Yago se acercó hasta la barra y se sentó en uno de los taburetes frente a su madre. Estuvo un rato mirando como pasaba de un correo a otro en el móvil, y al cabo de un rato dijo:
– Mamá, no quiero dejar de respirar.
– ¿Qué has dicho Yago? – le preguntó su madre después de unos segundos, sin levantar la vista del móvil.
– No quiero dejar de respirar – repitió Yago un poco más fuerte.

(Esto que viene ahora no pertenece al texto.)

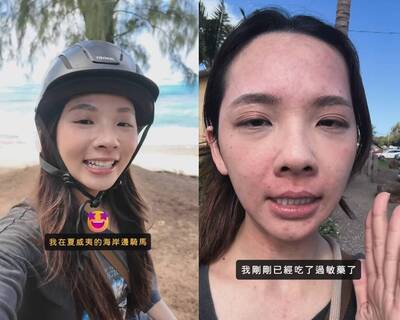 健康網》滴妹騎馬後竟嚴重過敏 醫談常見過敏原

Entonces Águeda levantó los ojos y miró a Yago con sorpresa:
– No vuelvas con esas tonterías – dijo mientras dejaba el móvil sobre la barra—, ya hablamos de esto al principio de curso. Tienes que dejar de respirar cuanto antes. Es más, ¡espero que seas el primer niño de España que deje de respirar!
– Pero mamá – repuso Yago –, tampoco es algo tan malo, vosotros todavía respiráis... ¡Déjame respirar unos años más, por favor!
La madre de Yago hizo un gesto con la mano abierta y le advirtió con una mirada seca que no siguiera insistiendo. Águeda era una persona muy exigente, especialmente con Yago, y siempre le decía que debía estar a la altura de sus antepasados, los Duques de Viento Recio y Monte Perdido.